Georges Jeanclos (1933-1997) était un sculpteur juif français, ancien enfant caché durant l’Occupation nazie. Il a créé une œuvre, souvent en terre, mêlant l’art sacré, inspiré par le Judaïsme ou destiné à des édifices chrétiens, et l’art profane. Le musée d’art et d’histoire du Judaïsme (mahJ) présente « Les Colonnes de Guerry de Georges Jeanclos. Un don majeur de la famille de l’artiste ». Une oeuvre sculptée rappelant le massacre de Juifs par la Milice et la Gestapo à Guerry, dans le Cher, en 1944.

 

« Je suis un modeleur. L’argile m’est familière. Je sais l’humidité propice à la naissance, la fuite dans le temps de l’eau, choisir le bon moment pour faire naître de la terre les images fécondes. […] », a déclaré le sculpteur Georges Jeanclos (1933-1997).

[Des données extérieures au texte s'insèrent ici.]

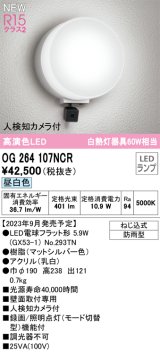 オーデリック OG264107NCR(ランプ別梱) エクステリア ポーチライト LEDランプ 昼白色 高演色LED 人検知カメラ付 防雨型 マットシルバー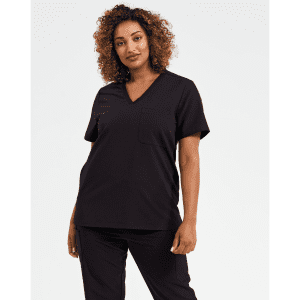 A black women's tunic featuring a v-neck and short sleeves, with a pocket on the front.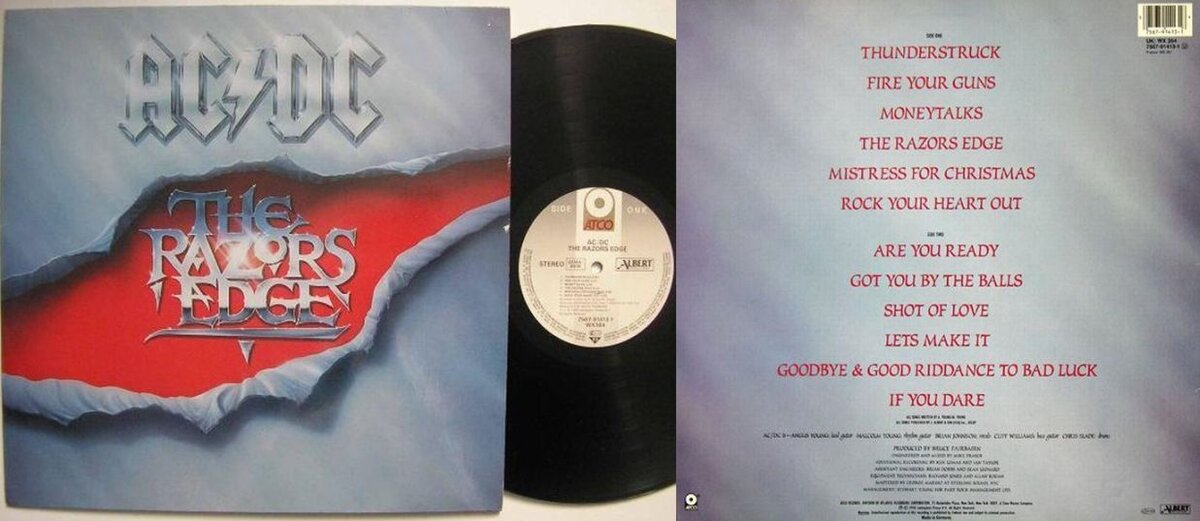 Европейский выпуск альбома AC/DC "The Razors Edge", 1990 г.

« Né en 1933 à Paris, Georges Jeankelowitsch (la famille prend le nom de Jeanclos en 1945) passe l’Occupation dans la clandestinité ». 

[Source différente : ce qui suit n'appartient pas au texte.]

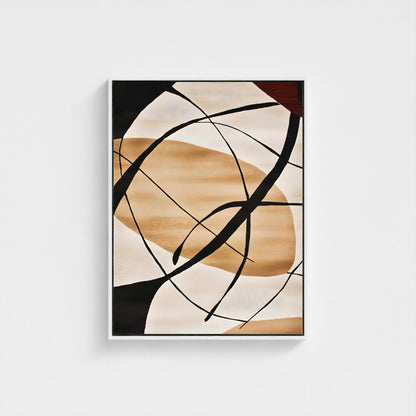 Abstract Beige Black Line Wall Art Canvas Print - Framed Modern Neutral Wall Art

« Après un apprentissage chez le sculpteur Robert Mermet (1896-1988), il suit les cours de l’école nationale supérieure des Beaux-Arts de 1952 à 1958 ». 

En 1956, son frère ainé est tué durant la guerre d'Algérie.

Trois ans plus tard, Georges Jeanclos reçoit le Grand prix de Rome.

En 1960, il épouse Jacqueline Gateau. Le couple a trois enfants : Marc, Elisa et Emmanuel. En deuxième noces, Georges Jeanclos se remariera avec Mathilde Ferrer.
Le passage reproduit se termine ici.